1965/66 öğretim yılında Kilis Lisesinden mezun olmuştum. O yılların imkansızlıkları yüzünden üniversite sınavlarına giremedim. Eğitim enstitüsü sınavına girdim ama başarılı olamadım. Liseden sonra bir yılım doğum yerim olan, elektriği olmayan, zamanın teknolojilerinden yoksun Yananköy'de (Yavuzlu beldesinde) geçti. O yıllarda beldede yalnız iki kişide radyo vardı. Yaz geceleri bataryalı radyolarını dama çıkarır, son ses açarlar ve bütün belde halkı dinlerdi. Sıkıntı içinde geçen bir yılın ardından Kilis Kız İlköğretmen Okulu'nun fark ders sınavlarına girdim. Sınavlarda Kilis Belediye Başkanı rahmetli Celal Varış bana yardımcı olmuştu.
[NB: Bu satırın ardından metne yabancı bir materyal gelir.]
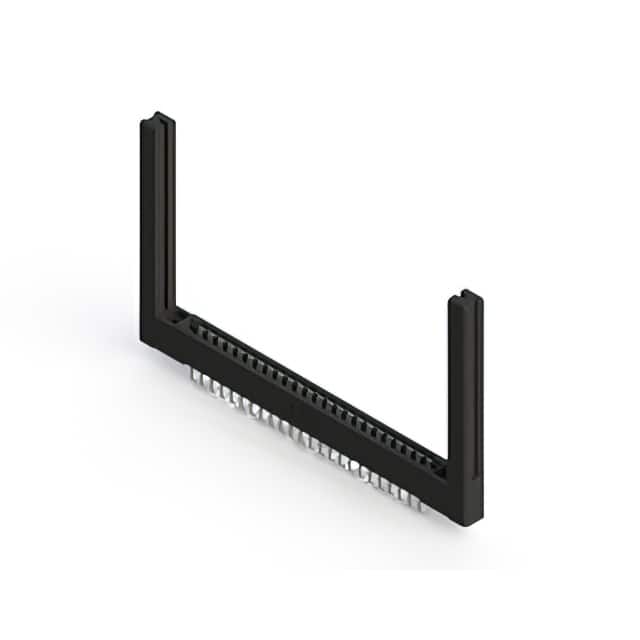 357-048-459-258 CONN EDGE DUAL FMALE 48POS 0.156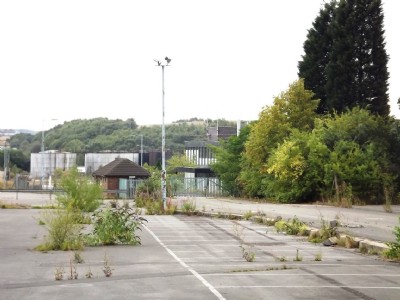 Photographs Of Bolsover Coking Plant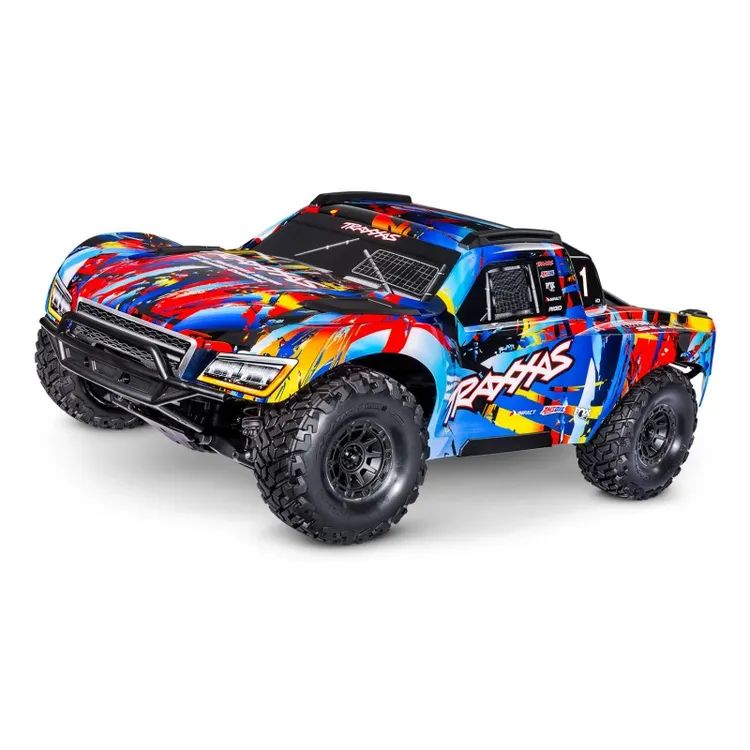 MAXX SLASH VXL-6S TSM Short Course Truck TQi Traxxas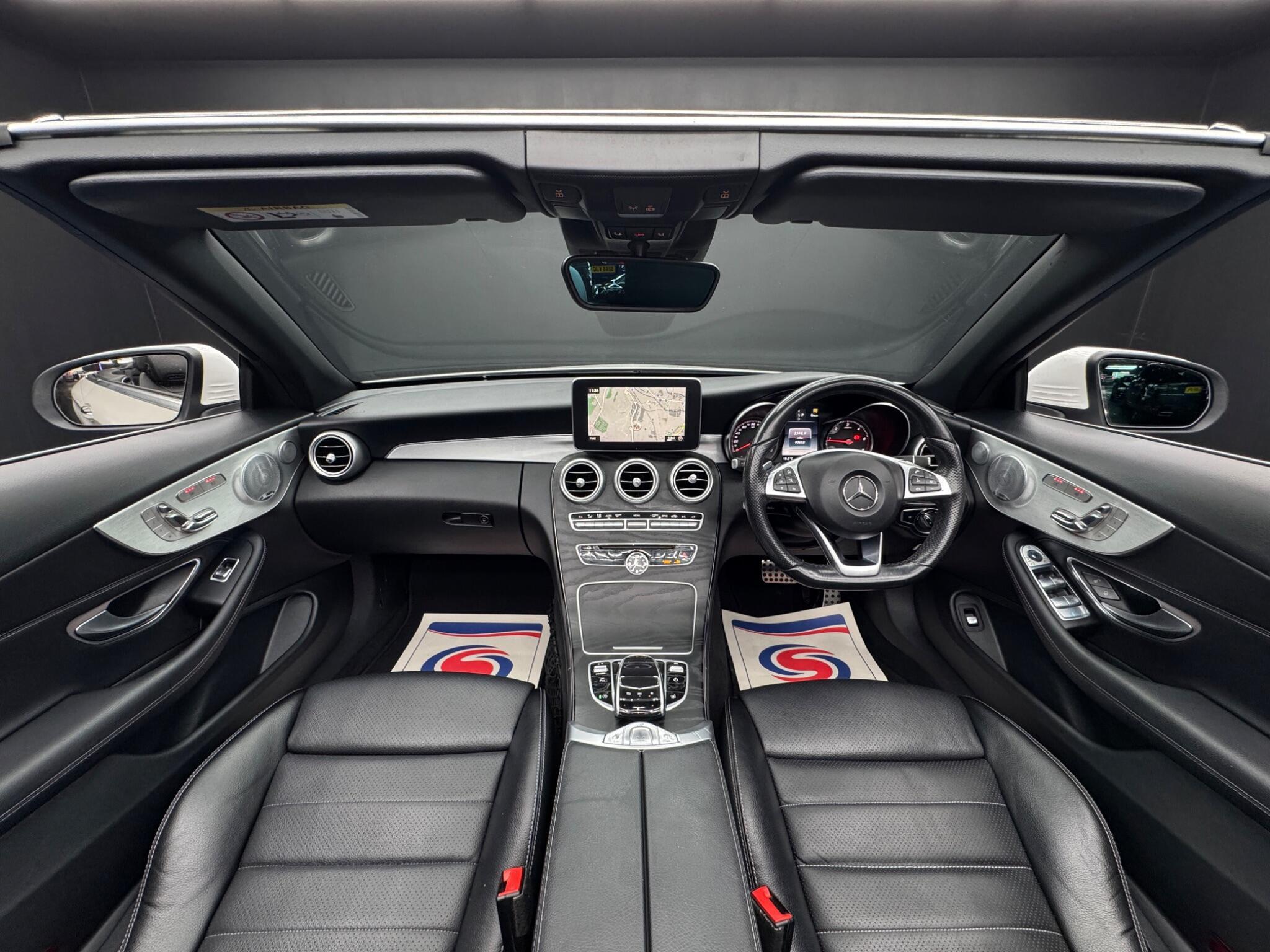 Mercedes C Class - Image 16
Sınavlar yirmi beş gün sürdü. Çok sayıda kitap vardı. Sıkı çalıştım ama eğitim psikolojisi de dahil olmak üzere üç dersi veremediğimi düşündüm. Moralim dibe vurmuştu. Bu nedenle sınav sonuçlarını öğrenmeye gitmedim.

Günler geçip gidiyordu. Asker yoklaması kaçağıydım. Kendimi iyice bırakmış, serseri gibi dolaşıp durmaktaydım. Babamla tartışmıştım. Birbirimizle konuşmuyorduk. Sigara parasına muhtaç haldeydim. Rahmetli annem beslediği tavukların yumurtalarını bize yedirir, artan yumurtaları da bakkala gönderip sattırırdı. Bu yumurta paralarını bazen bana verirdi.

Halimi beğenmeyen annem bir gün beni yanına çağırdı. Cebinden buruşmuş, yeşil bir on lira çıkardı. Bana uzatarak;

-Al bunu. Git sınav sonuçlarını öğren, dedi.

-Gerek yok ki. Üç dersten kaldım. Askere gideceğim. Başka çarem kalmadı.

-Oğlum. Eğer kaldınsa bile sonuçları öğren. Hadi bakalım. Doğru Kilis'e…

İster istemez parayı aldım. Beldenin külüstür otobüsüne bindim. Köy otobüsleri çok erken giderler şehre. Zaten yol yakındı. On iki kilometre. Kilis'e varınca eskiden tanıdığım bir büfeye uğradım. O yıllarda küçük şişe Kilis Şarapları vardı. Aç karına bir küçük şarap içtim. Sonbaharın güneşli ve sıcak günlerinden biriydi.

Yürüyerek öğretmen okuluna gittim. İlgili müdür yardımcılarından sonuçları öğrendim.

Hayret..!

En iyi yazdığım tek bir dersten kalmıştım. Metot dersinden. Müdür yardımcısı bana;

-Yarın tek ders sınavları var. Gel katıl ve mezun ol, dedi.

Metot en iyi yazdığım dersti. Otobüsün beldeye dönme saatini beklemeye sabrım yetmedi. Yürüyerek beldeye geldim. Yirmi sayfalık kitap notlarını önüme açtım ve ezberledim. Ertesi gün de Kilis'te tek ders sınavına girerek mezun oldum.

Rahmetli annem beni zorlayıp göndermeseydi ve bir tek gün daha gecikseydim öğretmen olamayacaktım. Ömrüm il il dolaşarak geçmeyecekti. En önemlisi de böyle kutsal bir meslek sahibi olamayacaktım.

Herkese annelerinin sözünü dinlemelerini öneriyorum.